Muchos
buscaban a Jesús, fascinados por hechos como la multiplicación de los panes y
los peces. Pero se echan atrás ante la radicalidad de su propuesta: asumir como
camino de vida y de plenitud las enseñanzas y el estilo de vida de Jesús, su persona
y su mismo camino vital. En la Escritura, cuando se habla del hombre como
“carne”, se subraya su debilidad y carácter perecedero, frente al Espíritu, que
manifiesta el poder de Dios que es eterno. La insistencia de Jesús en su carne
y su sangre (su vida derramada, entregada) nos remite al Jesús que sufrió
fatigas, que lloró ante la tumba de Lázaro, que sintió terror y angustia en
Getsemaní, que murió en la cruz. Que no salva “pasando de puntillas” sobre los
aspectos más difíciles de nuestra vida, ni nos evade de ellos, sino que los
asume. Como hoy escuchamos, es en esa vida de Jesús y en sus palabras donde se
manifiesta la fuerza del Espíritu, que abre camino a la Vida. Jesús no es
simplemente un hombre ejemplar o inspirador. Es quien nos transmite una palabra
capaz de dar sentido a todo y de guiarnos, y quien nos transmite la vida de
Dios. Es lo que Pedro reconoce, con una confesión de fe que hoy podemos hacer
nuestra, para repetirla y orar con ella.
Una
confesión que encuentra su fuerza en el propio Jesús. Pedro habla en primera
persona (“nosotros creemos”…), pero
el centro de este pasaje es ese Tú de
Jesús. Dios siempre es un Tú para nosotros: podemos vivir en
diálogo con Dios, descubriendo la fuerza de vida que tiene su palabra. Por eso,
aunque quien hace esta confesión sigue siendo débil y caerá en algún momento,
su fe ha encontrado una fuente más hondo que él mismo, un fundamento desde el
cual levantarse y seguir, unido al Maestro.
La
lectura de la carta a los Efesios, hoy, puede resultar chocante, y tiene un
contenido profundo. Para comprenderla, hay que tener en cuenta, por una parte,
que es Palabra de Dios encarnada,
escrita en un contexto histórico, del siglo I (“el marido es cabeza de la mujer” es una idea común en aquel tiempo,
de forma parecida a como el salmo 103 habla de la Tierra “asentada sobre cimientos”).
Lo
esencial de este pasaje es un estilo de vida, para todos, basado en una actitud
de servicio, respeto y atención mutua (el término traducido por “sumisión”, “someterse a” tiene todos esos sentidos). Así lo señalan las
primeras palabras.
Esa
actitud sigue al Maestro que se hizo servidor de todos (Lc 22-27; Jn 13).

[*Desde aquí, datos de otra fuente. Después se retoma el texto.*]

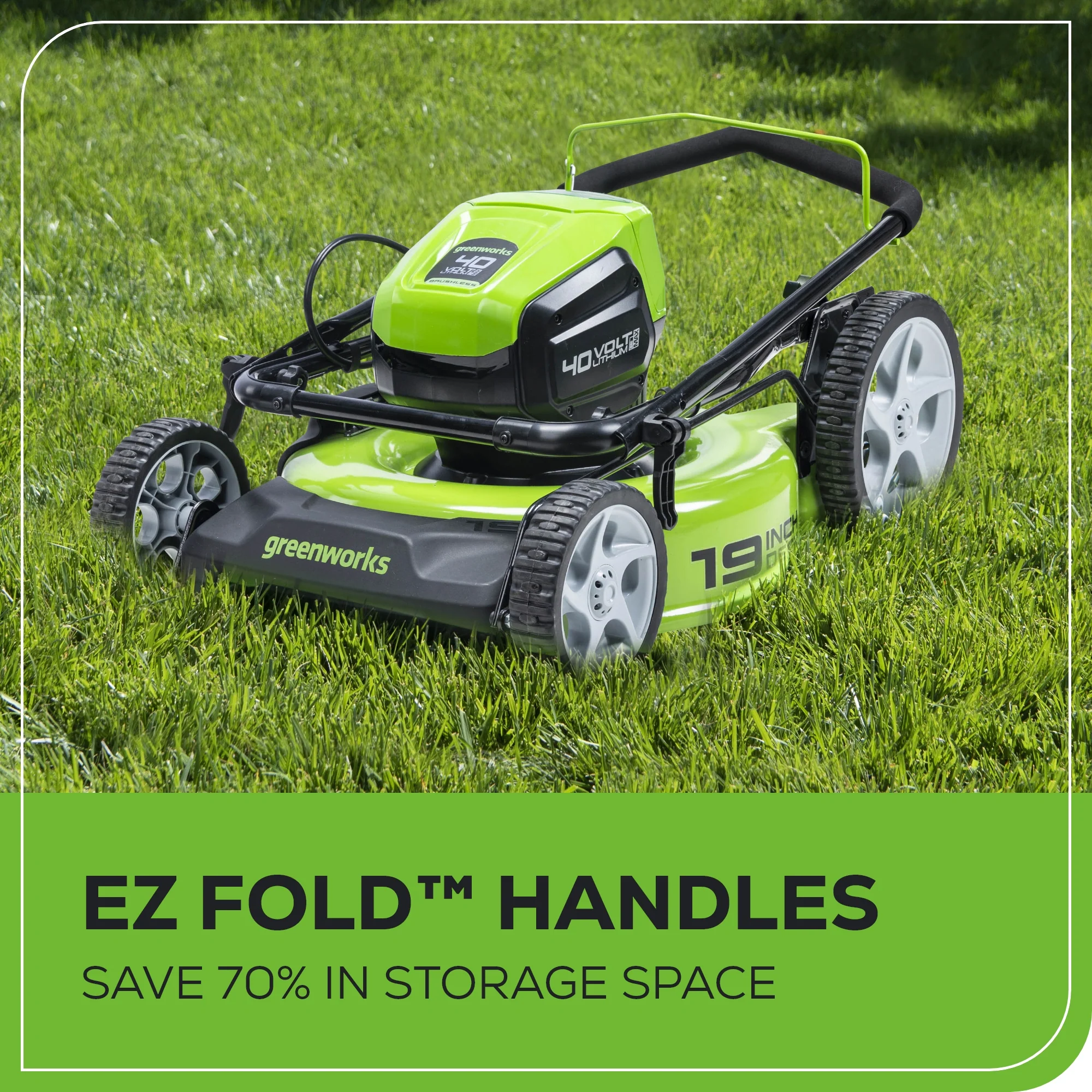 40V 19" Cordless Battery Push Lawn Mower: 5.0 Ah Battery and Charger, LM1934 - Image 7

Pablo, tras plantearla a todos, la concreta en el ámbito del matrimonio y la
familia. Y “reparte”, de manera retórica, unos roles que son mutuos: las
mujeres se sometan (en ese sentido de Jesús) a sus maridos, y éstos amen a sus
mujeres. Y viceversa: es claro que la mujer ha de amar también al marido. Lo
mismo ese sometimiento, que es para
todos, como se ha indicado al principio.
La novedad que trae la Palabra de Dios es que esto no es sólo por los sentimientos naturales o por la lógica de convivencia de una familia unida, sino que encuentra su modelo y fuerza. Pablo descubre que el amor y la unión profunda, radical y fecunda del matrimonio es la mejor imagen y lo que más nos acerca a comprender la unión de Cristo (que ha asumido nuestra carne, nuestra condición humana) con la Iglesia. Por eso el matrimonio es sacramento.